According to a Chapala board that is a rumor and they have no arrests so far and are investigating it further. The thread that contained this was deleted from the webboard yesterday morning. They do have fingerprints.

They state one Dodge Caravan was taken and other sources say 2 trucks were taken in the Canadian news. Mexican news states 2 "camionetas" were taken.

I seems to be not clear who did it, so far.


----------



## Longford (May 25, 2012)

Regarding the Canadians killed, one of the alleged perpetrators is still on the run. 

Another expat (from the USA) met a smililar, violent death in the Lake Chapala area, however:



> The remains of an American citizen have been found at Jocotepec, Mexico, along the western shore of Lake Chapala, Jalisco state authorities reported late Thursday. They called the case a homicide. ... The victim was identified as John Paul Ateel, 67, who lived in the Roca Azul neighborhood.


Read more: 

MGR - the Mexico Gulf Reporter: U.S. national found murdered in Jocotepec, Jalisco


----------



## conorkilleen (Apr 28, 2010)

wow, how sad. Stay safe out there folks.


----------



## Melody11 (Jan 12, 2014)

it is so sad, I also like to condulence the family and the friends of this poor murdered couple.R.I.P.


----------



## Isla Verde (Oct 19, 2011)

It sounds like Lakeside may be less safe for expats than big bad Mexico City. I can't recall the last time I heard of an expat being murdered in the D.F.


----------



## TundraGreen (Jul 15, 2010)

Isla Verde said:


> It sounds like Lakeside may be less safe for expats than big bad Mexico City. I can't recall the last time I heard of an expat being murdered in the D.F.

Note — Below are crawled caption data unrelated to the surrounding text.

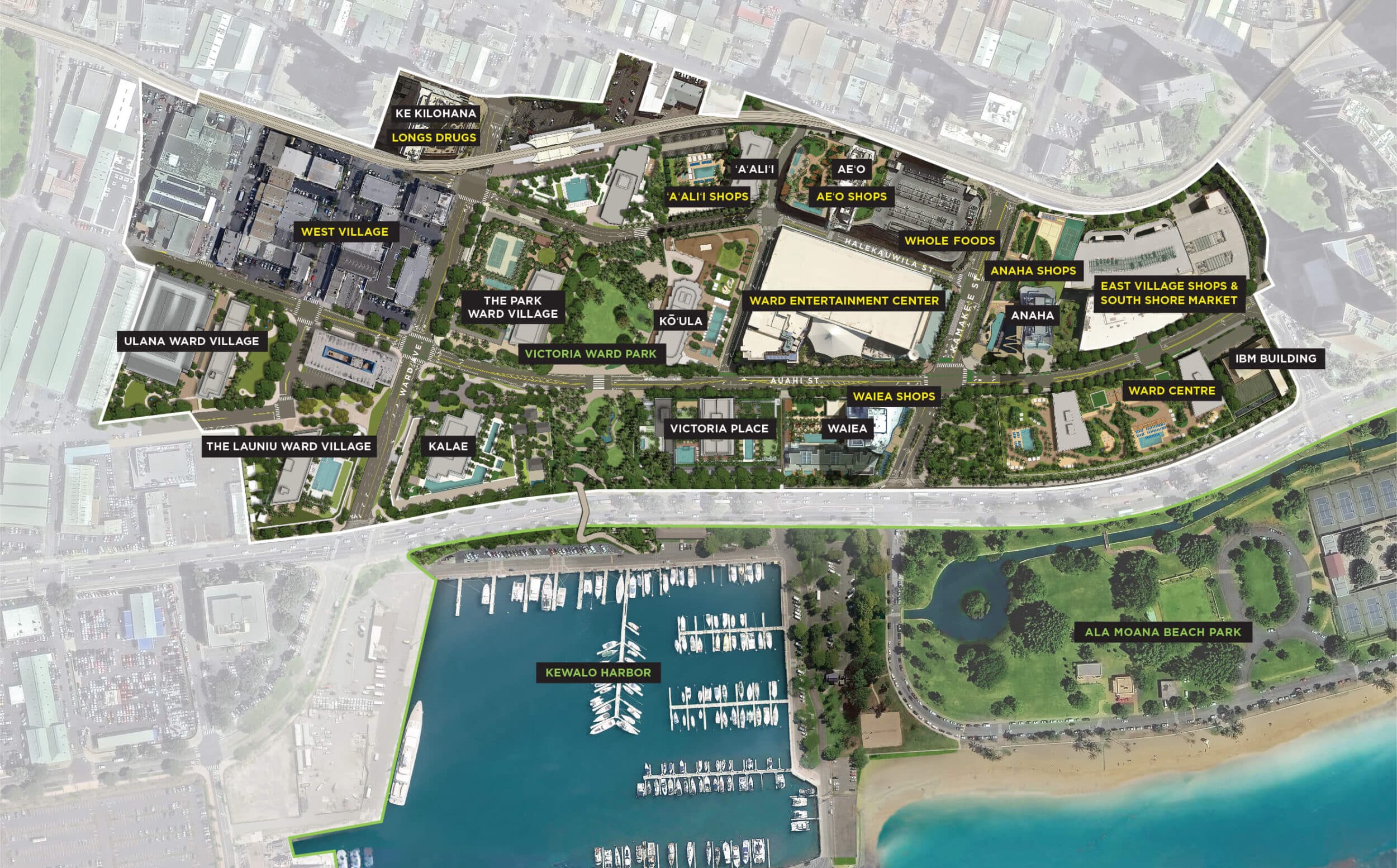 Ward Village Master Plan Community map graphic.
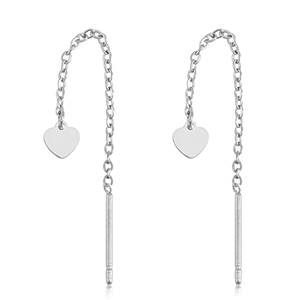 Orecchini in acciaio inossidabile cuore argento
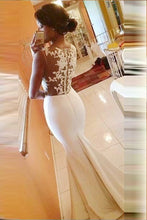 Ivory Courtlike Satin Appliqued Natural Trumpet/Mermaid Prom Dresses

Aren't you making the same mistake people make when they think Mexico isn't safe. The fact that there were two incidents in a short period of time tells us little or nothing about the safety. It is too small a sample to be significant. Does the fact that there were two mass shootings in the Denver area mean that all of the schools and theaters in Denver should close? Or is it just a coincidence that there happened to be two incidents in the same area.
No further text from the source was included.